═══ DATA EXCERPTS

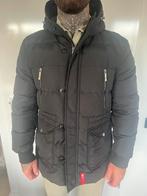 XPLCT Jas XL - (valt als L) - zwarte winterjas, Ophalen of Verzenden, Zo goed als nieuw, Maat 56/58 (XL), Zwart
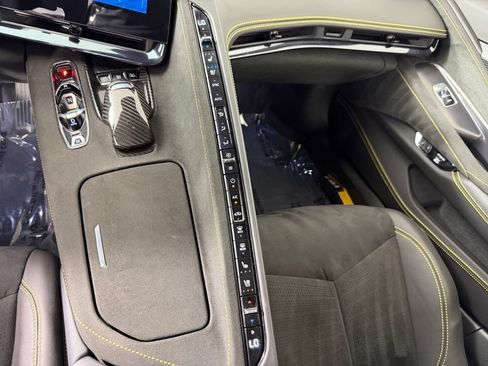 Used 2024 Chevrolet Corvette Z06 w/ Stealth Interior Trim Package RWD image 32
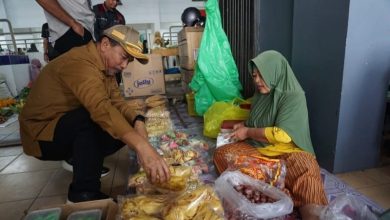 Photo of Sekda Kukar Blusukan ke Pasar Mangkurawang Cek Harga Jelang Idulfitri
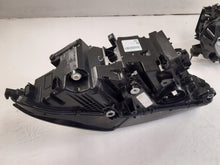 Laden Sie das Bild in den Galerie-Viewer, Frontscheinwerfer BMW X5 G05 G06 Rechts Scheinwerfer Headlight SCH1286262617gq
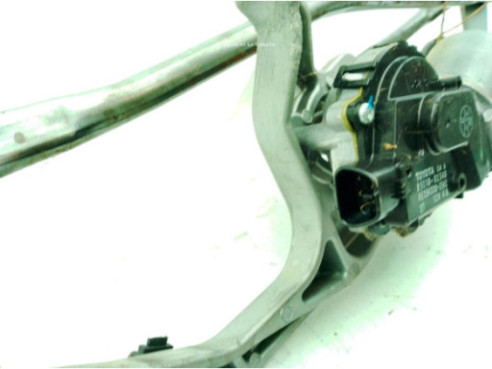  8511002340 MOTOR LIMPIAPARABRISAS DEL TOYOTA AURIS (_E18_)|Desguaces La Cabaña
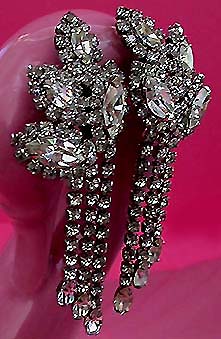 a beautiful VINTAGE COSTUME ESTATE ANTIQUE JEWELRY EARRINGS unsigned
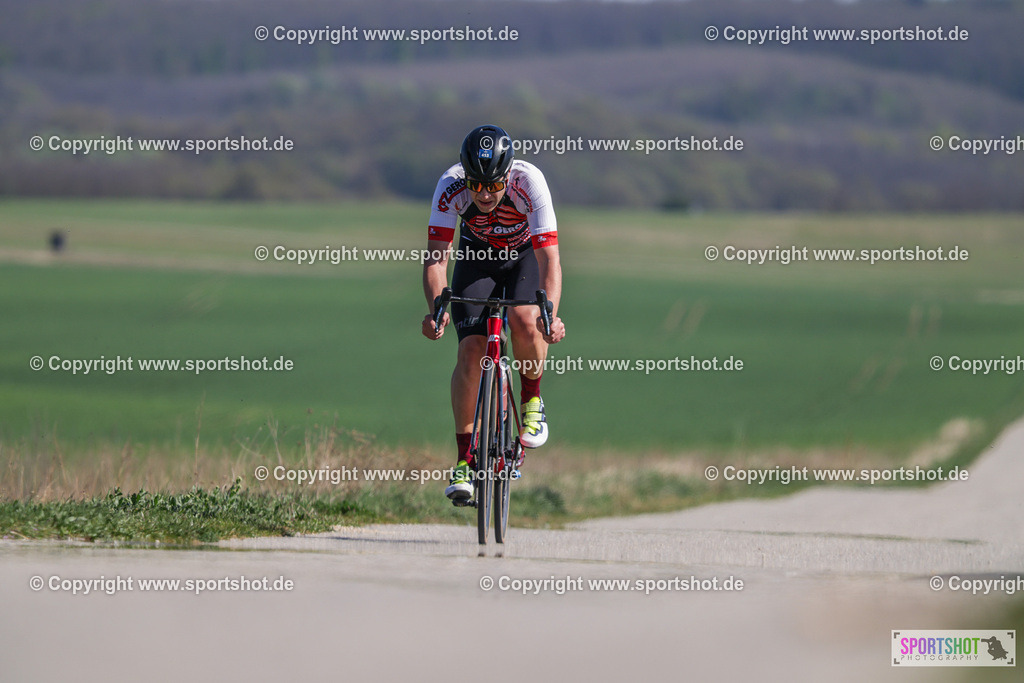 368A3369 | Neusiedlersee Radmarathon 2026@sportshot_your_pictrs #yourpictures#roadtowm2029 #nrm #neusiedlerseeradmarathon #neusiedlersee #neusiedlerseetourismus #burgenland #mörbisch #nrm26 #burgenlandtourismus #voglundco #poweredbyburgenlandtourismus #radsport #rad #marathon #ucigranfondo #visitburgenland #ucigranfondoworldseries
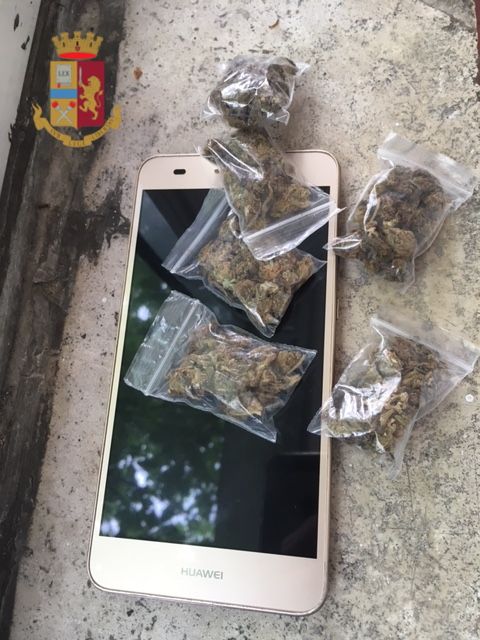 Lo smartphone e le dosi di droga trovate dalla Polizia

══════
═══ DATA EXCERPTS

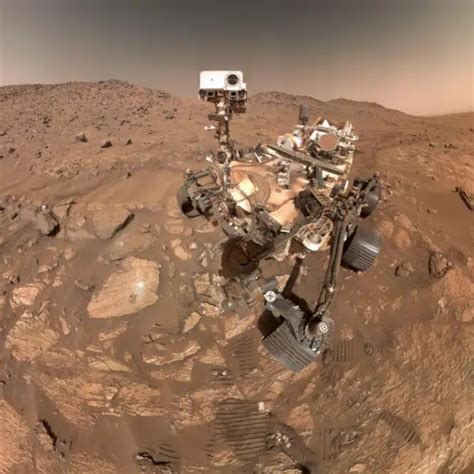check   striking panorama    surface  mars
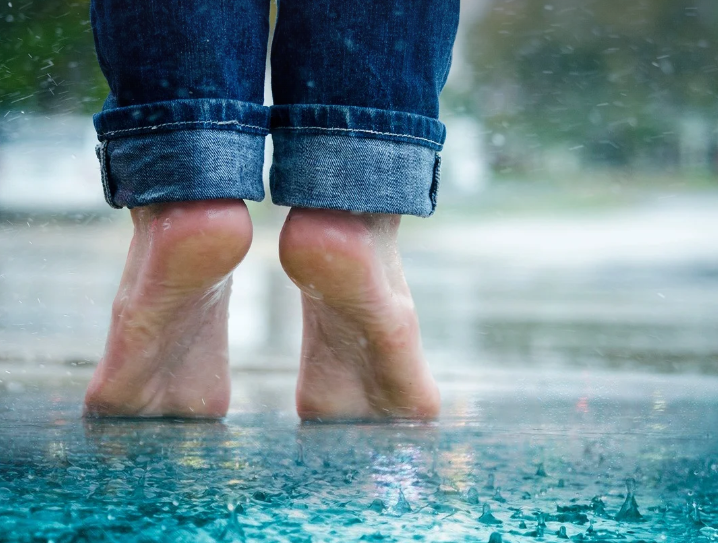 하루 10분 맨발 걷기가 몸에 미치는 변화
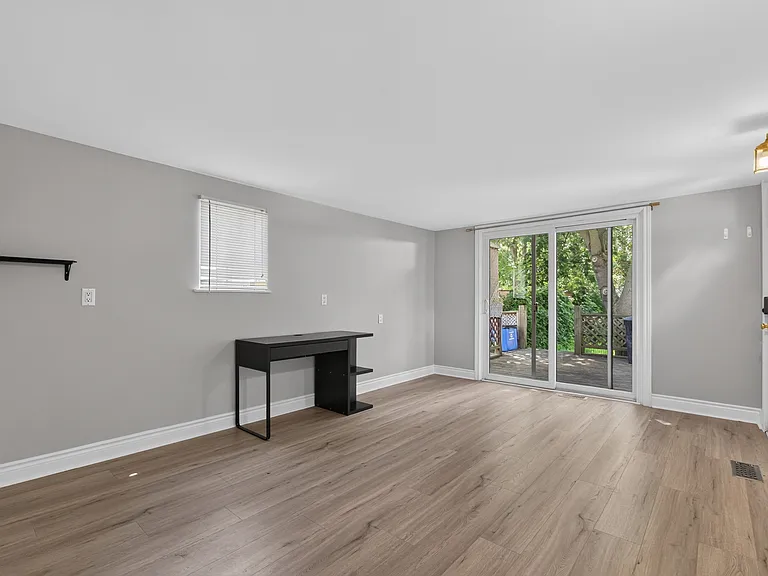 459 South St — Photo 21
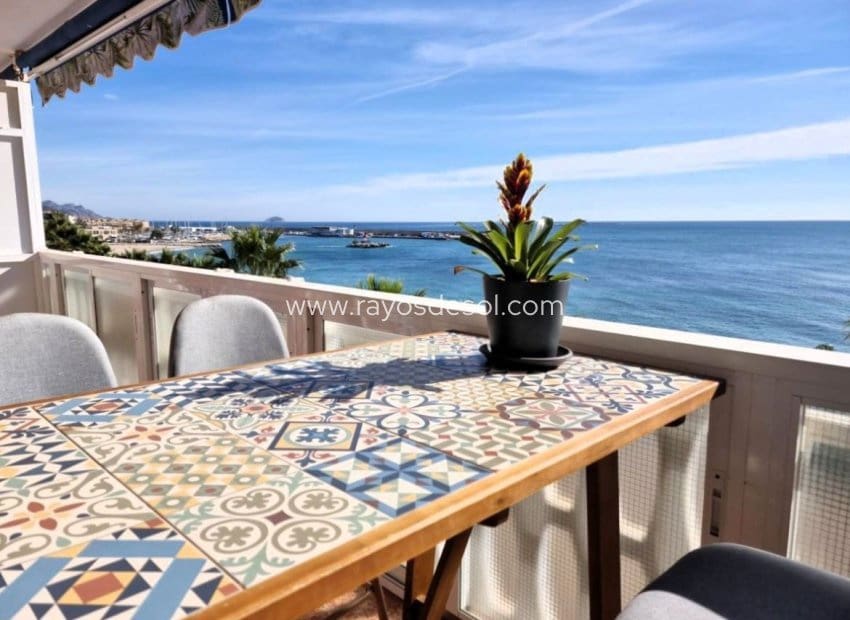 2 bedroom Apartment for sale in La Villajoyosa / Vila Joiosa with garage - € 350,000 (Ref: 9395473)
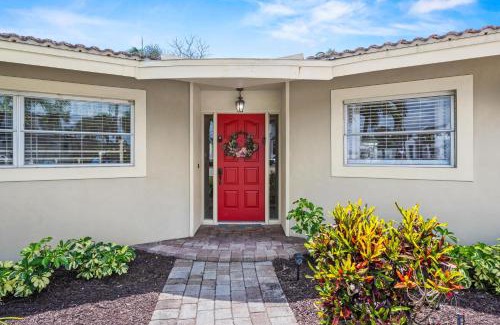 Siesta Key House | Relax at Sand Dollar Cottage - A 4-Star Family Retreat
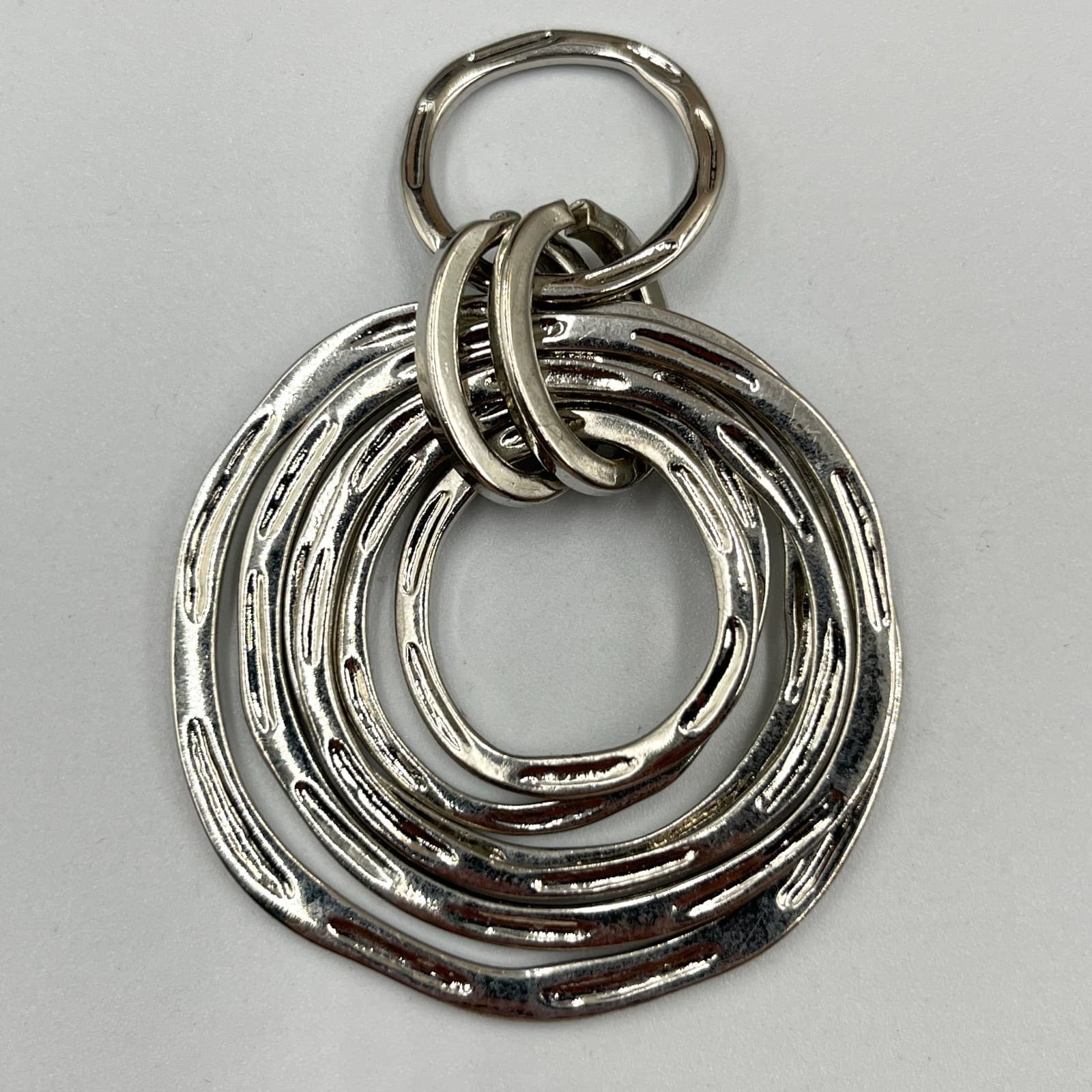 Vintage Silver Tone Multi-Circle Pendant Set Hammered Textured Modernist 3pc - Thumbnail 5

══════
═══ DATA EXCERPTS

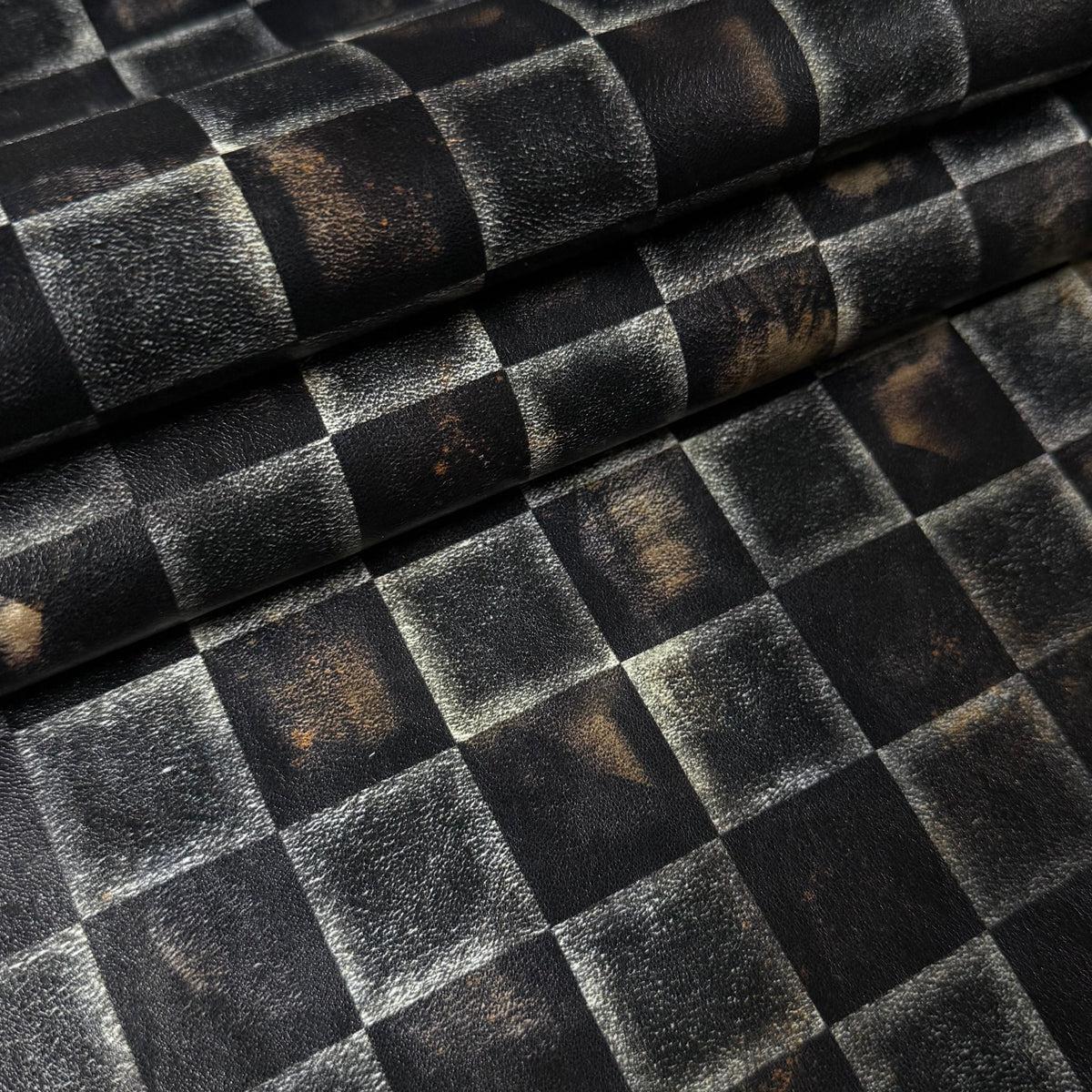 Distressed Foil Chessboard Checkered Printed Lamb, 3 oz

══════

WHAT YOU WILL DO
When you reach the line that has "8511002340 MOTOR LIMPIAPARABRISAS" in the data above, start repeating lines exactly, and stop after the line that has "Lo smartphone e"; pictures stay out.

THE COMPLETED TASK
  8511002340 MOTOR LIMPIAPARABRISAS DEL TOYOTA AURIS (_E18_)|Desguaces La Cabaña
 a beautiful VINTAGE COSTUME ESTATE ANTIQUE JEWELRY EARRINGS unsigned
 368A3369 | Neusiedlersee Radmarathon 2026@sportshot_your_pictrs #yourpictures#roadtowm2029 #nrm #neusiedlerseeradmarathon #neusiedlersee #neusiedlerseetourismus #burgenland #mörbisch #nrm26 #burgenlandtourismus #voglundco #poweredbyburgenlandtourismus #radsport #rad #marathon #ucigranfondo #visitburgenland #ucigranfondoworldseries
 Lo smartphone e le dosi di droga trovate dalla Polizia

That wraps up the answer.